Quando si riceve una cartella di pagamento relativa a un’infrazione stradale di cui non si conosceva l’esistenza perché il verbale non era stato notificato, si può presentare ricorso contro la cartella per far valere questo vizio, ma occorre farlo entro soli 30 giorni. È la conclusione cui giungono le Sezioni unite della Corte di cassazione su una fattispecie complessa e non rara, su cui la giurisprudenza della stessa Corte si era spaccata, complici anche alcune modifiche delle non poche norme applicabili sulla questione. E infatti la sentenza che arriva a questa conclusione (la 22080/2017, depositata ieri) riempie ben 28 pagine, tra analisi e precisazioni su norme e giurisprudenza.
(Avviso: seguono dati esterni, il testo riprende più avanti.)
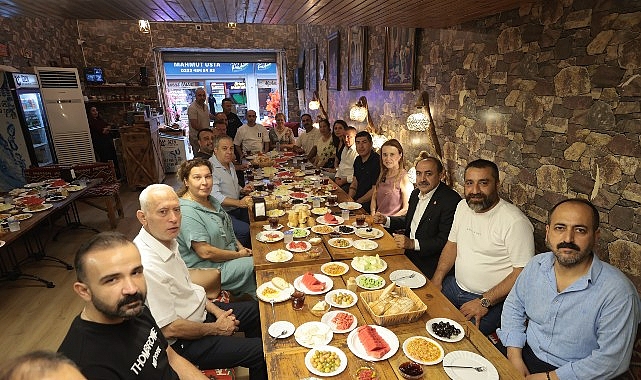 Başkan Mutlu, Tarihi Çarşı'da esnafla buluştu: "Kemeraltı, en büyük zenginliğimiz"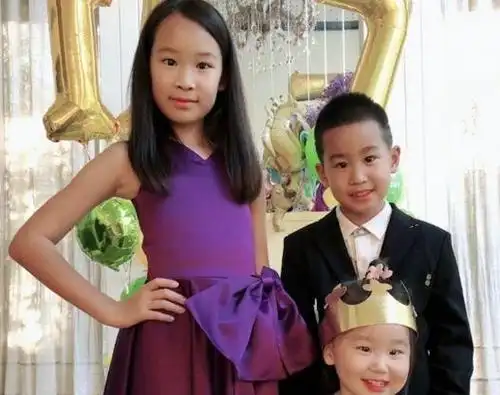 11岁大女儿亭亭玉立,赵文卓携一家五口出镜,实力人生赢家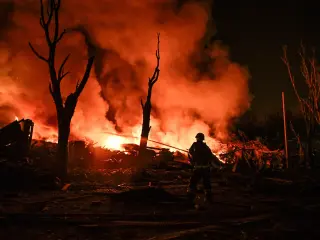 Ukraine Under Overnight Assault as Zelenskiy Alleges North Korean Missiles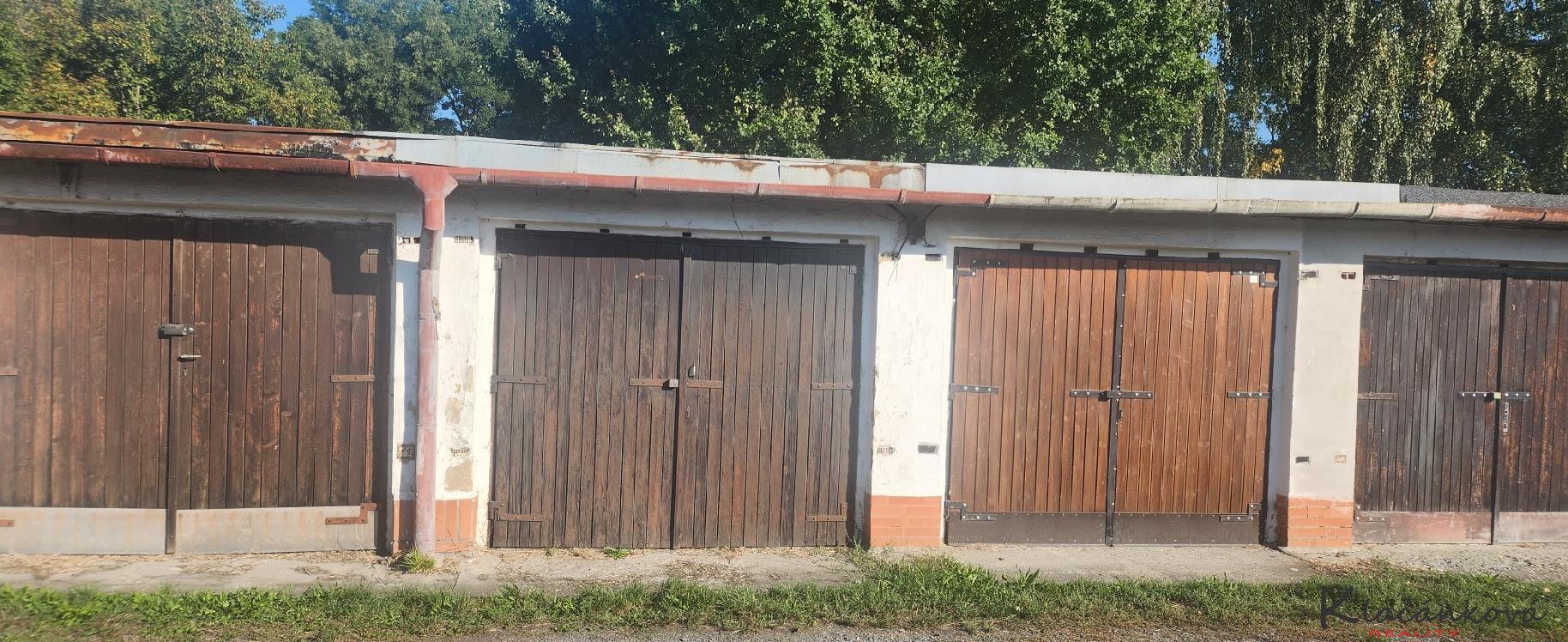 Prodej garáže 18m2 Otrokovice-Šterkoviště, obrázek č. 1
Il punto cruciale della questione sta nella norma procedurale applicabile all’opposizione alla cartella. Se fosse da seguire la normale procedura dei ricorsi contro le sanzioni amministrative (come ha ritenuto finora laTerza sezione civile della Cassazione, per esempio nella sentenza 16282/2016), tale norma sarebbe l’articolo 23 della legge 689/1981 (attualmente sostituito dall’articolo 7 del Dlgs 150/2011), ci sarebbero solo 30 giorni di tempo, a partire dalla notifica della cartella (si «recupera» così il diritto alla difesa che era stato perso con la mancata notifica del verbale, anche se è precluso un esame del merito della sanzione perché si può solo far rilevare che non si era stati messi legalmente a conoscenza dell’atto). Se, invece, si riconoscesse (come finora ha fatto la Seconda sezione civile, per esempio con la sentenza 14125/2016) che il titolo esecutivo della pretesa dell’amministrazione fosse inesistente, andrebbe esperita un’opposizione all’esecuzione, regolata dall’articolo 615 del Codice di procedura civile, che non pone alcun limite di tempo.
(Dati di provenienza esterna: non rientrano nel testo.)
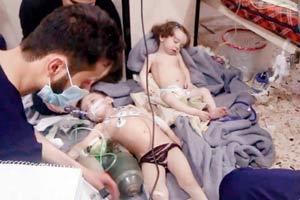 Syrian town attacked with sarin, killing 70 and affecting thousands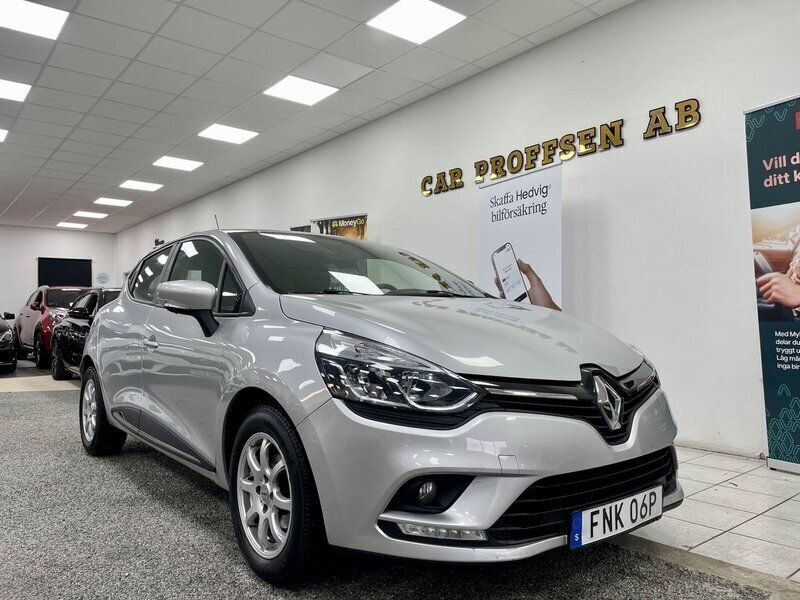 Silver Begagnad 2019 Renault Clio IV Zen Halvkombi | 94 900 kr (Marknadspris) - Bild 1/4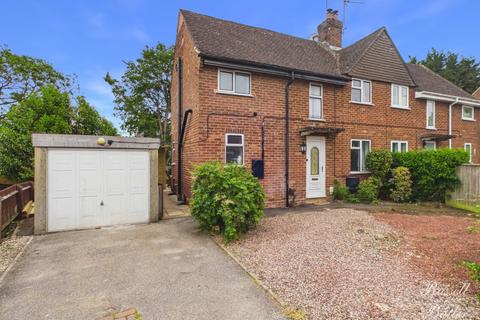 3 bed property, in New Street, £325,000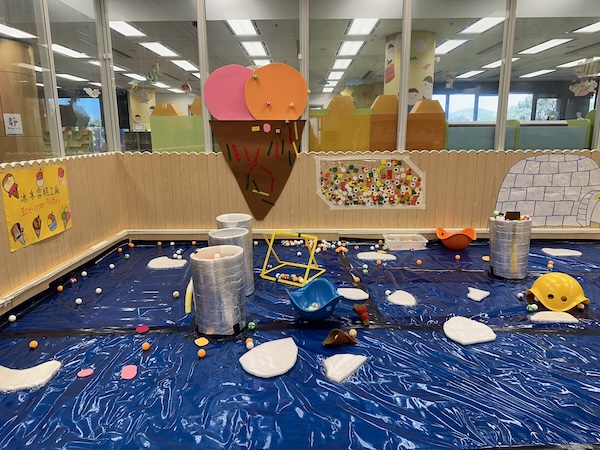 場內一角重現野貓軍團躲在銀色雪糕桶內飄洋過海到達冰王國的一幕，面對伸出頭來即有無窮無盡的乒乓雪糕球，你又有否口水直流？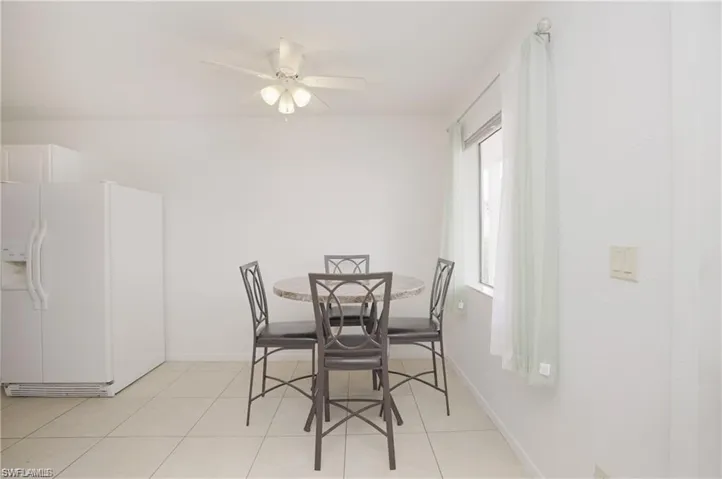 4635  Bayshore  DR, Naples, FL 34112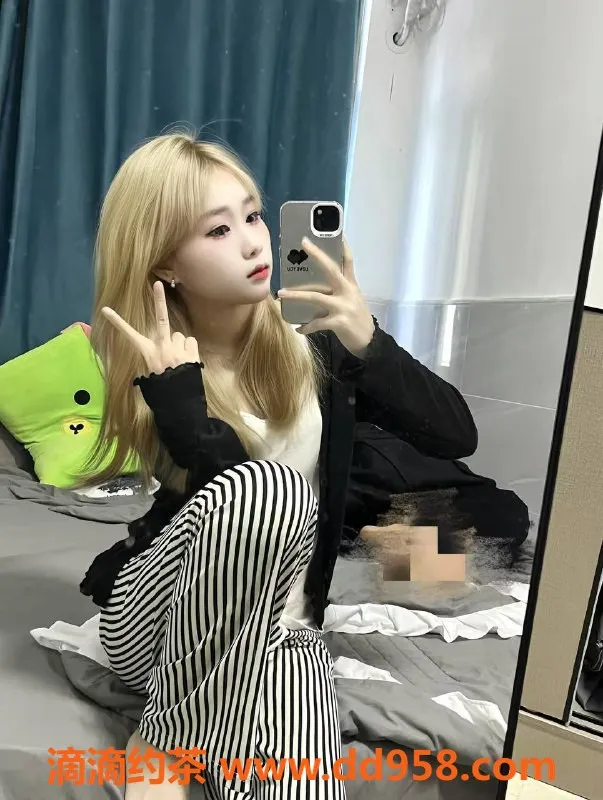 深圳楼凤-宝安嫩妹小布点，800p尽享蛇纹魅力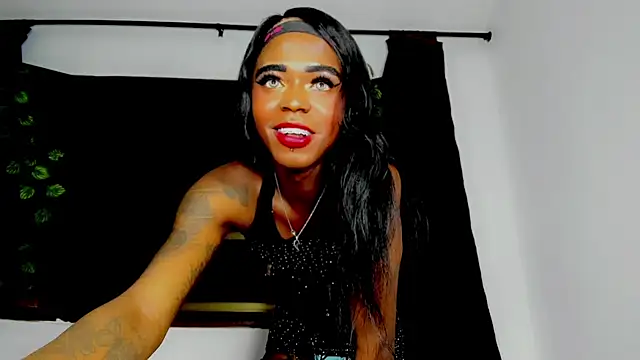 laaura dolll online show from April 9, 6:30 am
Le Sezioni unite escludono che si possa parlare di inesistenza del verbale: in sintesi, l’articolo 203 del Codice della strada (che secondo i giudici è la norma fondamentale da cui partire) riconosce a questo atto una natura peculiare (in deroga all’articolo 17 della legge 689/1981), facendolo diventare titolo esecutivo sufficiente ad attivare la riscossione coattiva in tutti i casi in cui il verbale non venga impugnato davanti al prefetto (se si fa ricorso al giudice di pace, se ne può al massimo chiedere una sospensione) oppure non venga pagato.
Dunque, la mancata notifica non comporta che il verbale-titolo cessi di esistere, ma fa solo estinguere il diritto dell’amministrazione a riscuotere. Secondo le Sezioni unite, per far dichiarare tale cessazione, è possibile solo opporsi al verbale stesso, perché né il Codice della strada né il Dlgs 150/2011 prevedono rimedi differenziati secondo il vizio di forma dell’atto. E non importa se il titolo in questo caso è stragiudiziale ma viene così trattato come un titolo giudiziale, perché il Codice della strada pone l’amministrazione creditrice in posizione privilegiata rispetto al debitore (cosa giustificata dal fatto che tutto nasce da un illecito commesso da quest’ultimo).
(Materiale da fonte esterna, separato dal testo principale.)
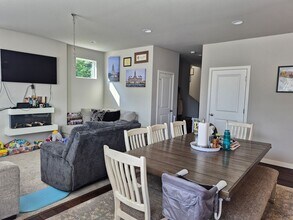 9204 Mint Loop NW in Bremerton, WA - Building Photo - Building Photo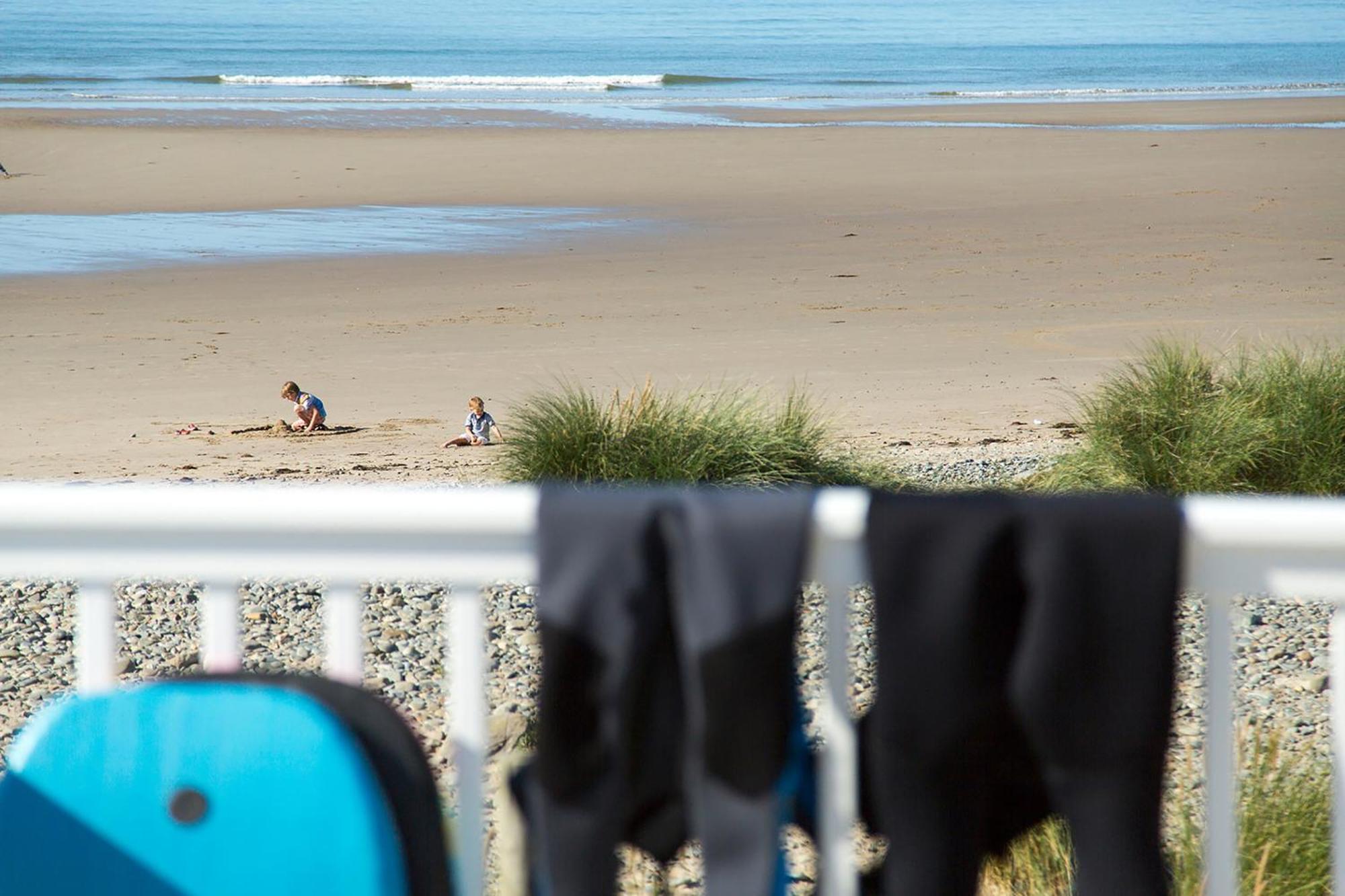 Barmouth Bay 4*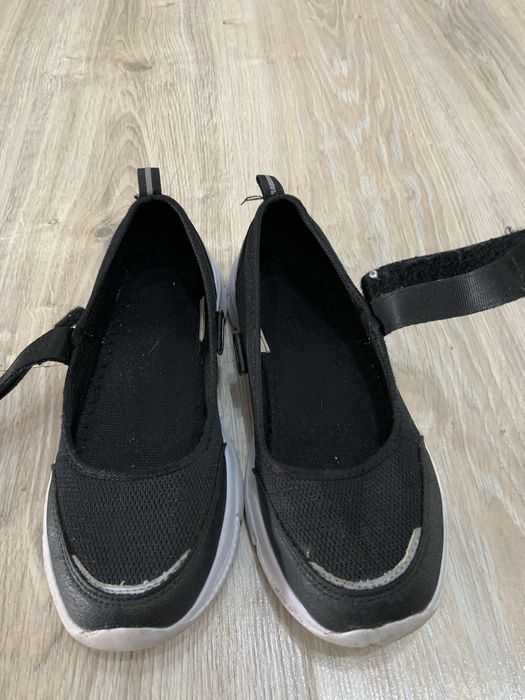 Продам туфли для девочки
Le Sezioni unite concludono precisando che l’inapplicabilità dell’articolo 615 del Codice di procedura civile non è assoluta: vi si può ricorrere nel caso particolare in cui il diritto a riscuotere si estingue per fatti che avvengono dopo l’accertamento definitivo (per esempio, perché nel frattempo scatta la prescrizione prevista dall’articolo 209 del Codice della strada).